When the case came before the Supreme Court, Justice Kennedy, along with the liberal bloc decided to void the laws enacted by 20 states by ruling that minors cannot receive the death penalty.
Writing for the majority, Justice Kennedy cited a body of scientific and sociological research  that found that juveniles have a lack of maturity and sense of responsibility compared to adults. Adolescents were found to be overrepresented statistically in virtually every category of reckless behavior. The Court noted that in recognition of the comparative immaturity and irresponsibility of juveniles, almost every State prohibited those under age 18 from voting, serving on juries, or marrying without parental consent. The studies also found that juveniles are also more vulnerable to negative influences and outside pressures, including peer pressure. They have less control, or experience with control, over their own environment. They also lack the freedom that adults have, in escaping a criminogenic setting.
In support of the “national consensus” position, the Court noted the increasing infrequency with which states were applying capital punishment for juvenile offenders. At the time of the decision, 20 states had the juvenile death penalty on the books, but only six states had executed prisoners for crimes committed as juveniles since 1989. Only three states had done so in the past 10 years: Oklahoma, Texas, and Virginia. Furthermore, five of the states that allowed the juvenile death penalty at the time of the 1989 case had since abolished it.
The Court also looked to international law to support the holding. Since 1990, only seven other countries ? Iran, Pakistan, Saudi Arabia, Yemen, Nigeria, the Democratic Republic of Congo, and China ? have executed defendants who were juveniles at the time of their crime. Justice Kennedy noted that since 1990 each of those countries had either abolished the death penalty for juveniles or made public disavowal of the practice, and that the United States stood alone in allowing execution of juvenile offenders. The Court also noted that only the United States and Somalia had not ratified Article 37 of the United Nations Convention on the Rights of the Child (September 2, 1990), which expressly prohibits capital punishment for crimes committed by juveniles.

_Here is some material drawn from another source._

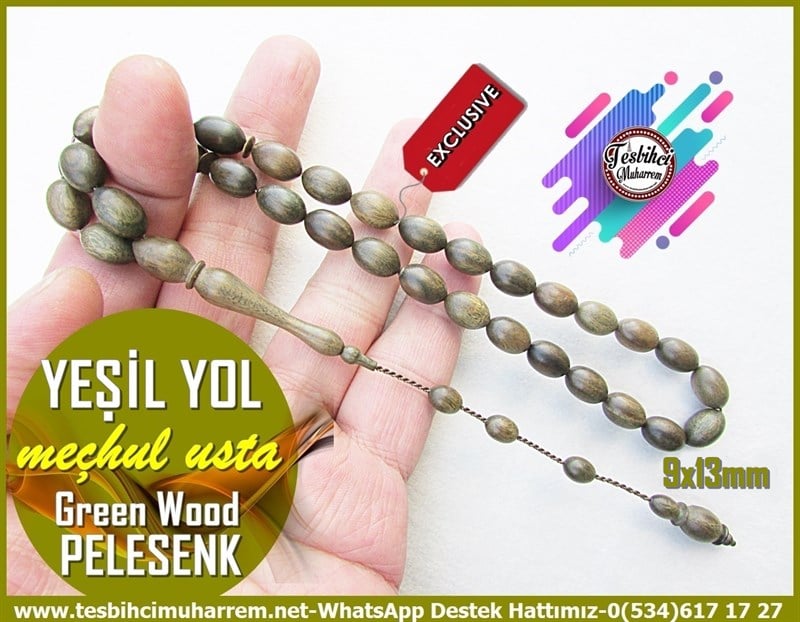 Pelesenk Ağacı TesbihlerTM12127Tesbih Pelesenk Beyzi Kesim Doğal Green Wood Yeşil Yol Tesbih Pelesenk Beyzi Kesim Doğal Green Wood Yeşil Yol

Frankly, idiots like this, who base their rulings on what goes on in Third World rogue states, and on what the U.N. says, should be kept as far away from the Supreme Court as possible. They conveniently forget that their job is to judge cases based on the U.S. Constitution.
But there’s more! Kennedy pretty much negated our concept of property rights with the infamous Kelo vs. New London ruling. He needs to go!